PROVIDED DATA
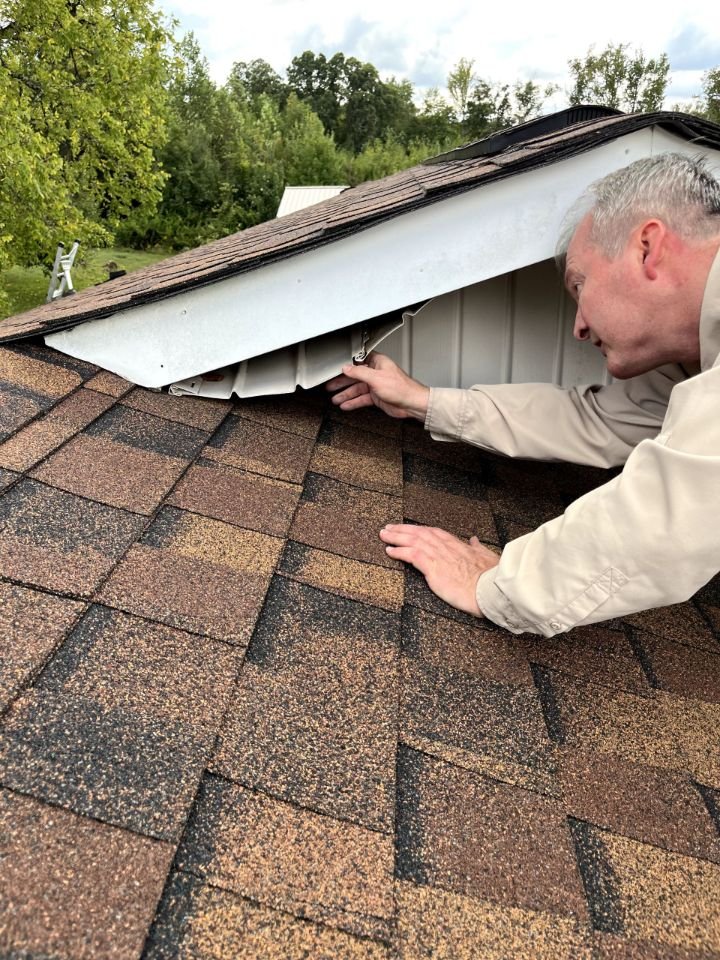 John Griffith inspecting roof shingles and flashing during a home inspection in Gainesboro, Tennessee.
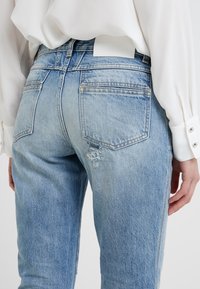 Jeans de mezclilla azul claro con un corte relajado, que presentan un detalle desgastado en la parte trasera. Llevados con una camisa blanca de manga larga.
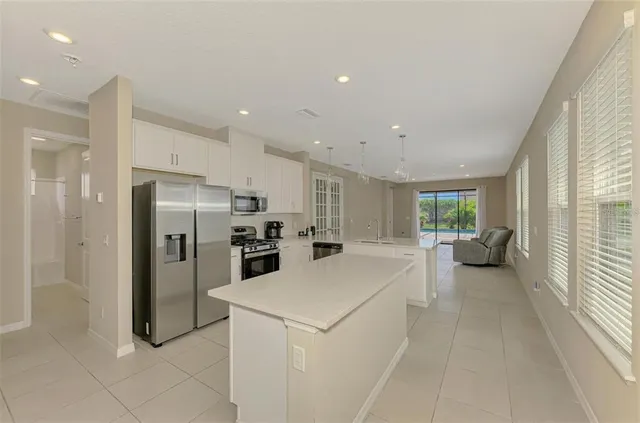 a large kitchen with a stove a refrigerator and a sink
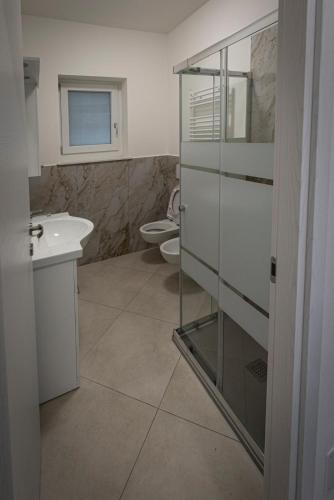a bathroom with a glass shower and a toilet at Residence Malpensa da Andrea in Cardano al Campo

--

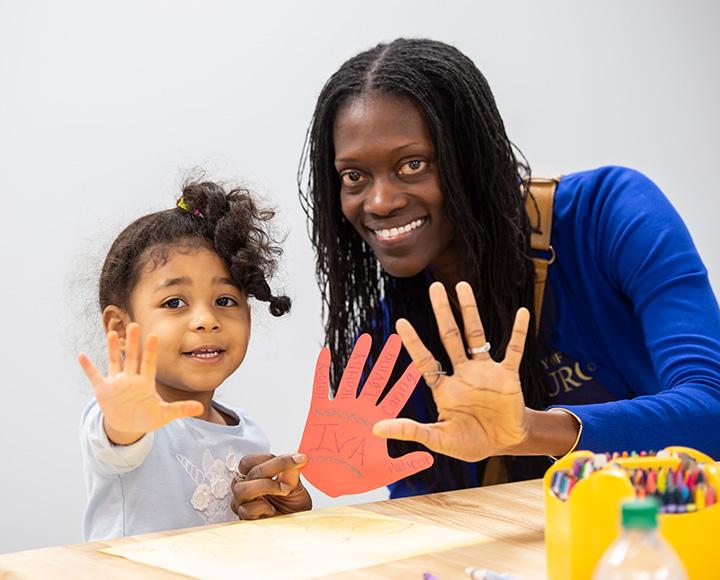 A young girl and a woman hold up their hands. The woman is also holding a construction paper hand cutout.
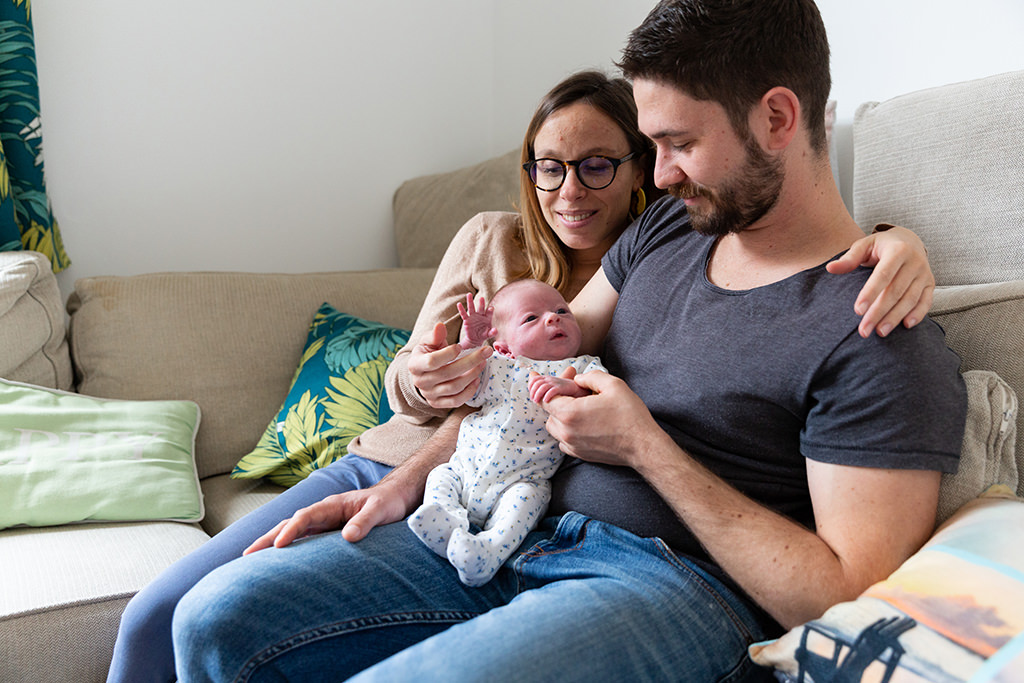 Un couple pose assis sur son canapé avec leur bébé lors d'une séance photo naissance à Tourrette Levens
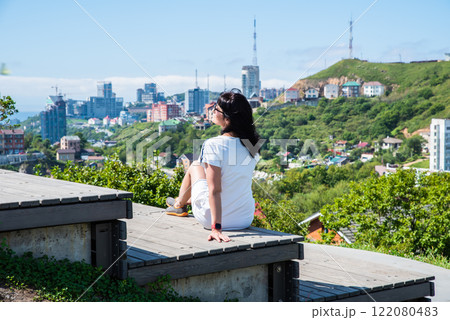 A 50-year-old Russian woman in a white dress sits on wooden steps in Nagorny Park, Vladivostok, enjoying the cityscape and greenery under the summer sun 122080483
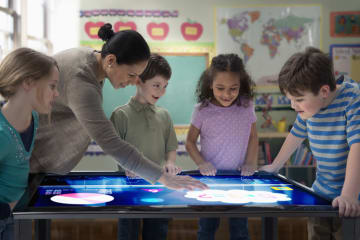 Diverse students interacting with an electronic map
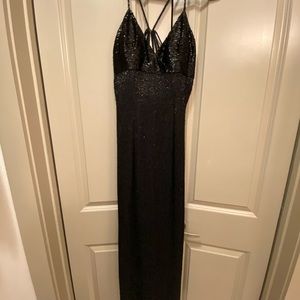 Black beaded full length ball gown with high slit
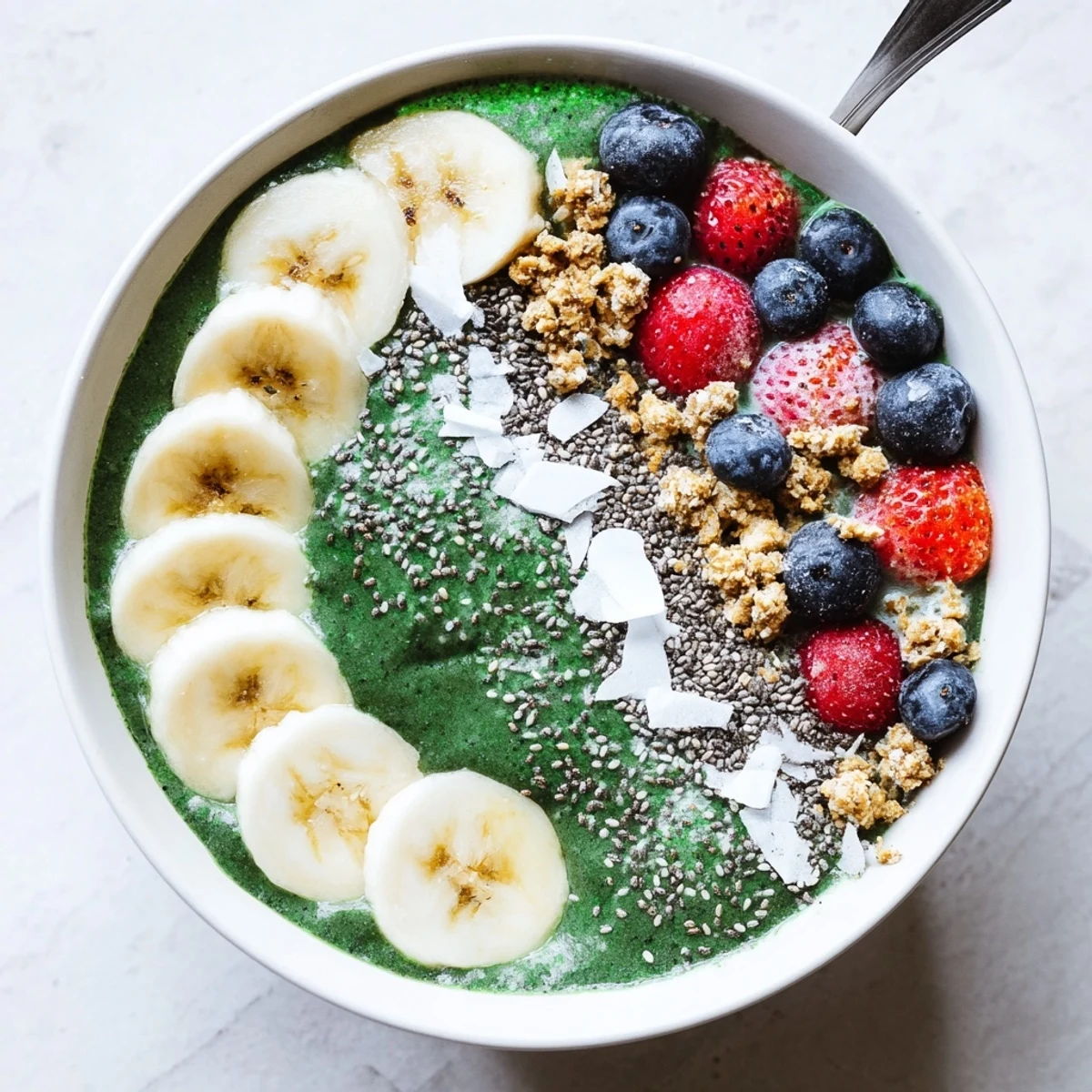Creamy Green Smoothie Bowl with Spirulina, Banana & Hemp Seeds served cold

...

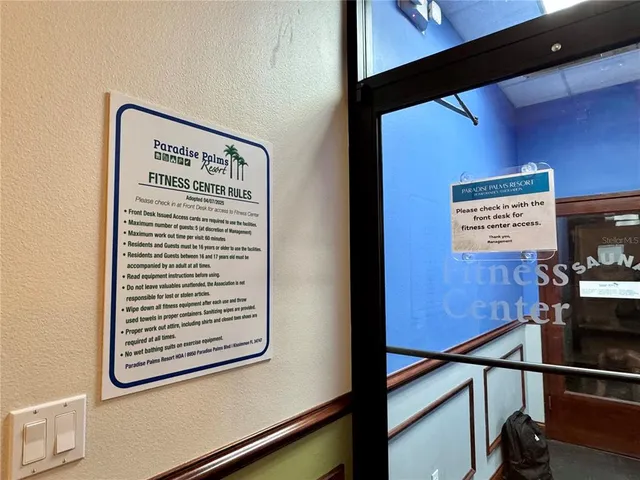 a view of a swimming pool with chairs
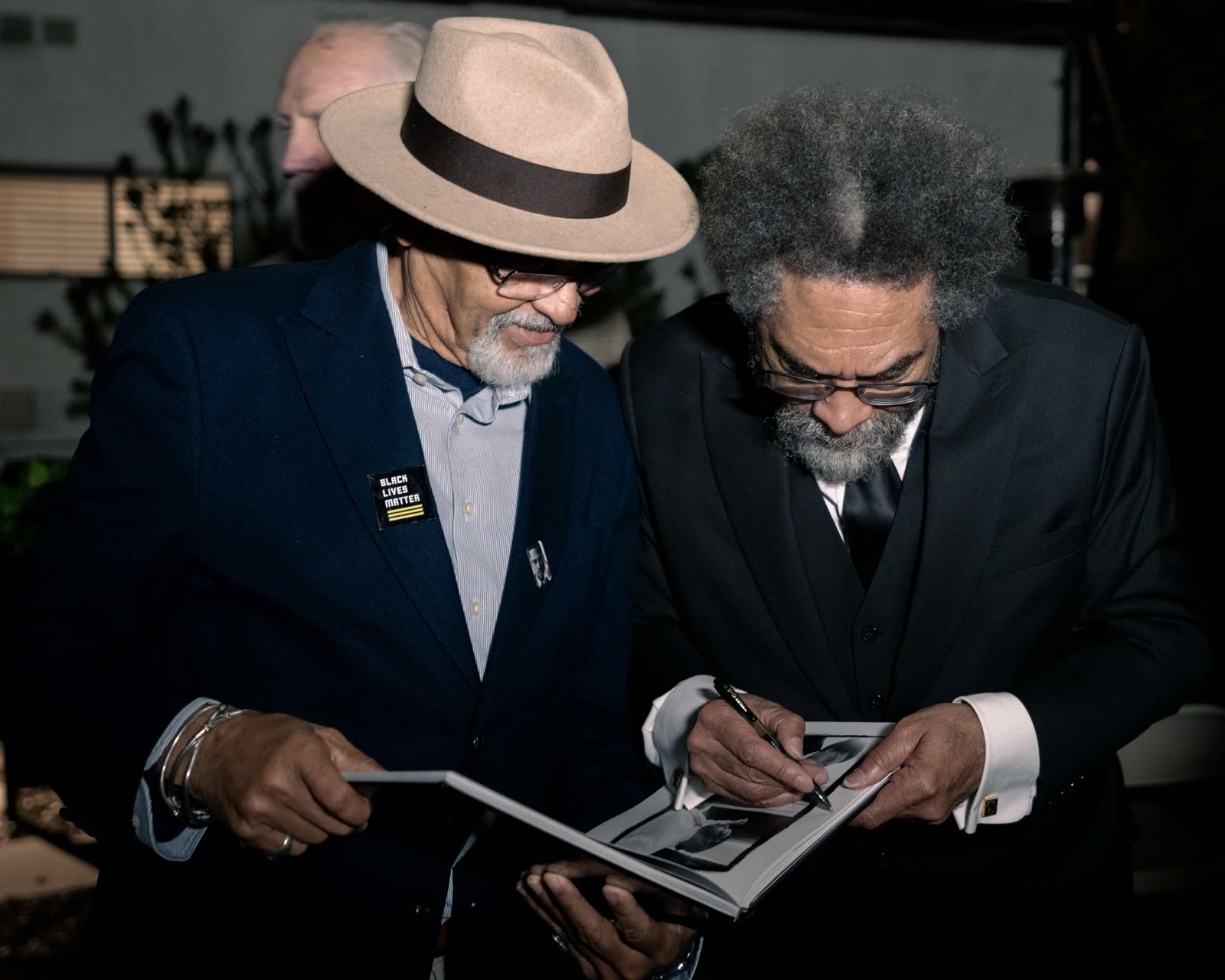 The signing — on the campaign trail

AIM OF THE TASK
Using the records above, repeat exactly the run of lines that starts with the line with "A 50-year-old Russian" and goes on through the line with "Creamy Green Smoothie"; omit each picture.

OUTPUT FOR THIS EXERCISE
 A 50-year-old Russian woman in a white dress sits on wooden steps in Nagorny Park, Vladivostok, enjoying the cityscape and greenery under the summer sun 122080483
 Diverse students interacting with an electronic map
 Black beaded full length ball gown with high slit
Creamy Green Smoothie Bowl with Spirulina, Banana & Hemp Seeds served cold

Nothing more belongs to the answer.